- [What you should do]:
Copy, please, the line with "Hamilton: Fangio es" and each line that follows it through the end of the data below, exactly as given and without pictures.

[Web page caption snippets]
== Segment start ==

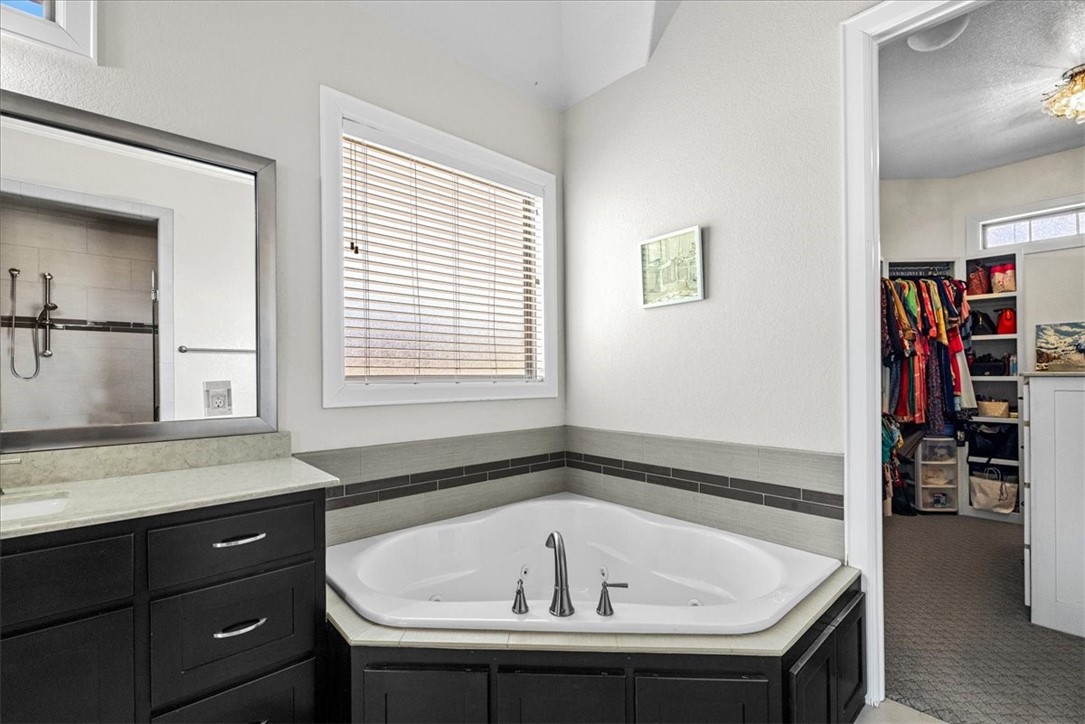 Shadow Valley Pud Ph Vii Rogers - Residential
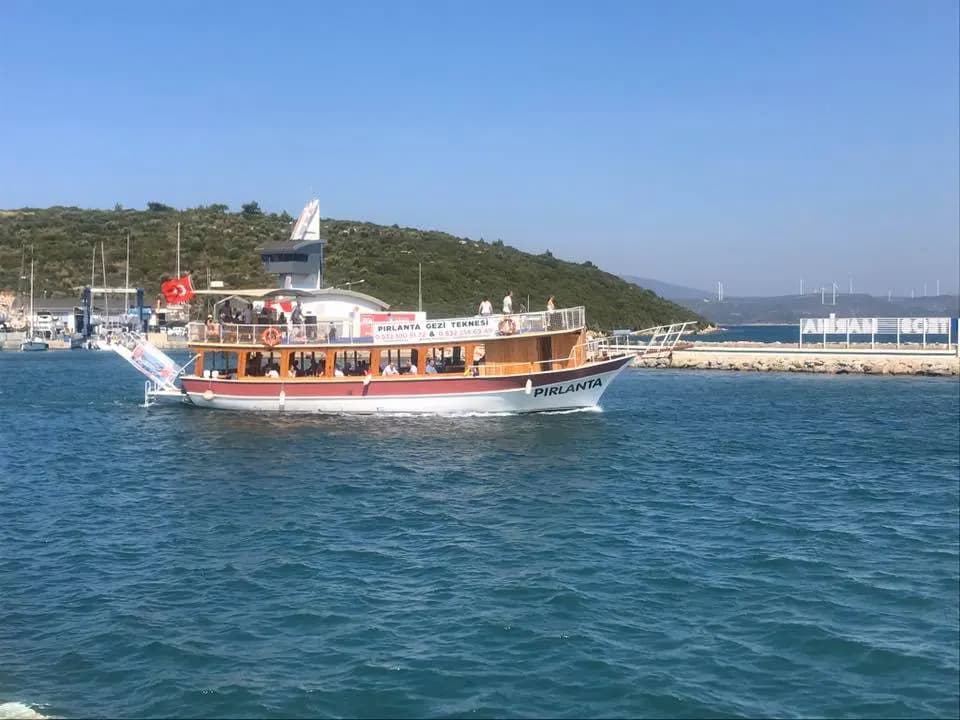 Pırlanta Tekne - İzmir Tekne Düğünü
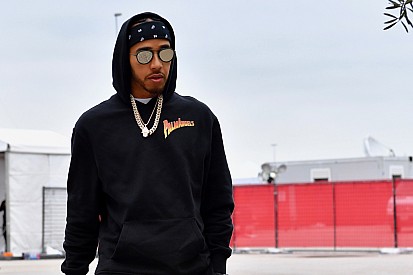 Hamilton: Fangio es el "padrino" de los pilotos
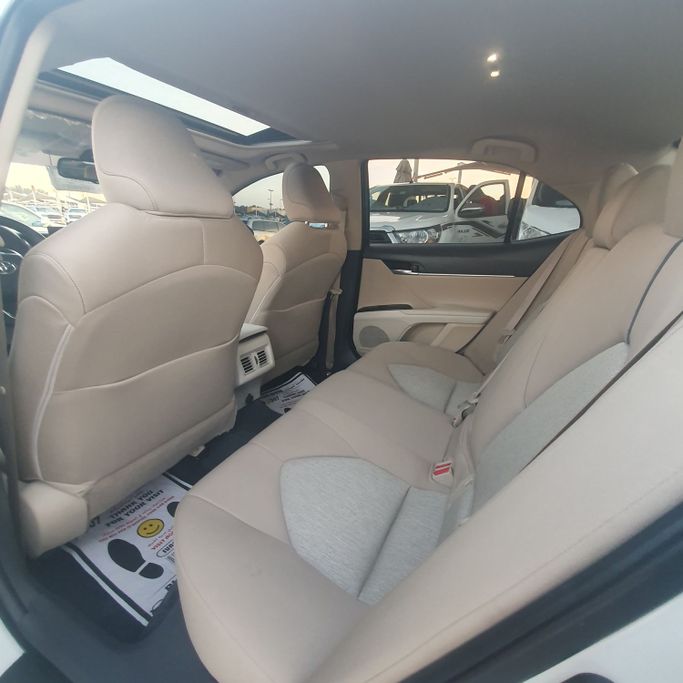 Подержанный Toyota Camry VIII (XV70) Рестайлинг, 2.5 л, 2022 в Шардже от Ishtar Used Cars Белый цвет. GCC | AUTO.AE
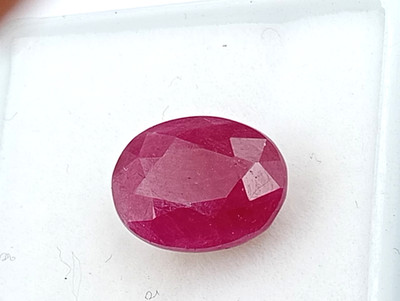 4.48ct Certified Natural Ruby Oval Faceted Red Loose Gemstone 10.5x8.2mm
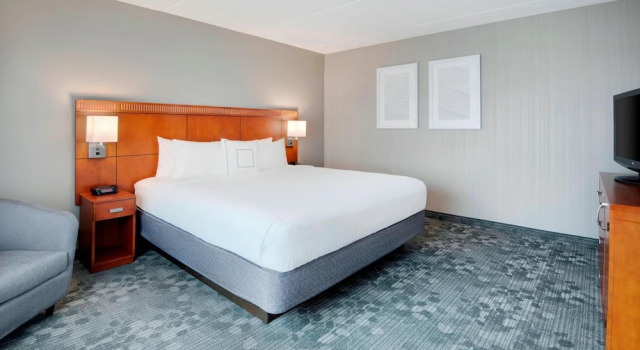 Двухместный люкс с балконом Courtyard by Marriott Savannah Midtown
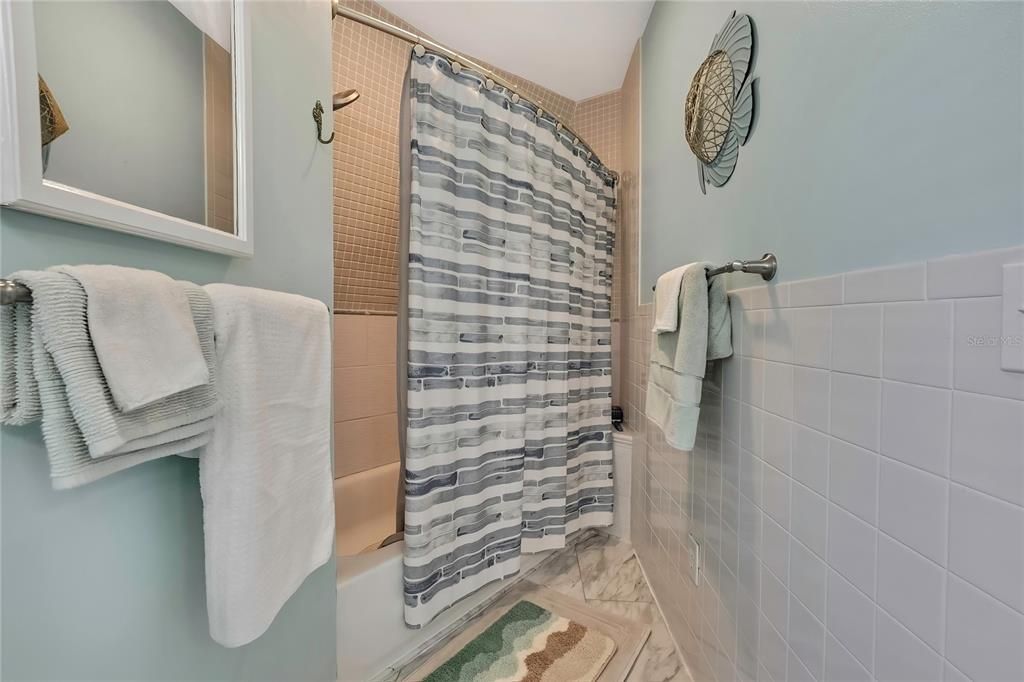 Active With Contract: $625,000 (3 beds, 3 baths, 1193 Square Feet)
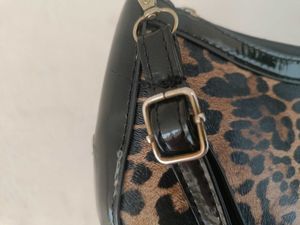 Chic Leopard Print Shoulder Bag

== Segment end ==

- [Response to the exercise]:
 Hamilton: Fangio es el "padrino" de los pilotos
 Подержанный Toyota Camry VIII (XV70) Рестайлинг, 2.5 л, 2022 в Шардже от Ishtar Used Cars Белый цвет. GCC | AUTO.AE
 4.48ct Certified Natural Ruby Oval Faceted Red Loose Gemstone 10.5x8.2mm
 Двухместный люкс с балконом Courtyard by Marriott Savannah Midtown
 Active With Contract: $625,000 (3 beds, 3 baths, 1193 Square Feet)
 Chic Leopard Print Shoulder Bag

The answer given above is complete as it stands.